R2: correlation of factors and estimated factor scores (squared)
valid: validity coefficients
score.cor: The correlation matrix of course coded (unit weighted) factor score estimates (i.e. sum scores), if they were to be found, based upon the loadings matrix rather than the weights matrix.
weights: weights used to construct factor scores
rotation: rotation used
communality: communality scores h2
communalities: So nice they put them twice (actually not entirely equal)
uniquenesses: Uniquenesses u2
values eigenvalues of the model implied correlation matrix
e.values: eigenvalues of the correlation matrix
loadings: the factor loadings
model: the model-implied correlation matrix
fm: the estimation approach
rot.mat: matrix used in the rotated solution
Phi: factor score correlation matrix
Structure: this is just the loadings (pattern) matrix times the factor intercorrelation matrix (Phi).
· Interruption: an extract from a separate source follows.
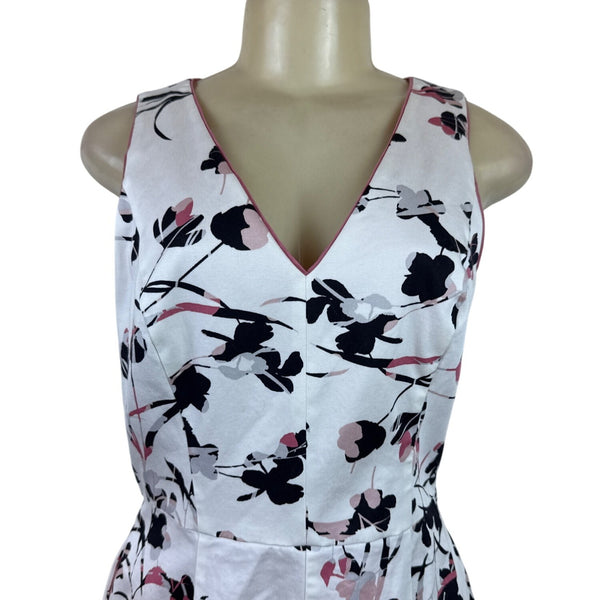 White House Black Market Women's White Sleeveless A-Line Dress With V-Neck Sz 6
method: method used to construct the factor scores
scores: estimated factor scores
R2.scores: estimated correlation of factor scores with the factor (squared)
r: the (possibly smoothed) correlation matrix of the observation
np.obs: pairwise sample sizes (used to get the harmonic mean)
fn: the function used
Vaccounted: the SS loadings output.
Additional Notes for Factor Analysis
Most of the above would apply to other versions of fa and principal for principal components analysis.
Though rarely done, if you only provide a correlation matrix as your data, you will not get a variety of metrics in the results, nor factor scores.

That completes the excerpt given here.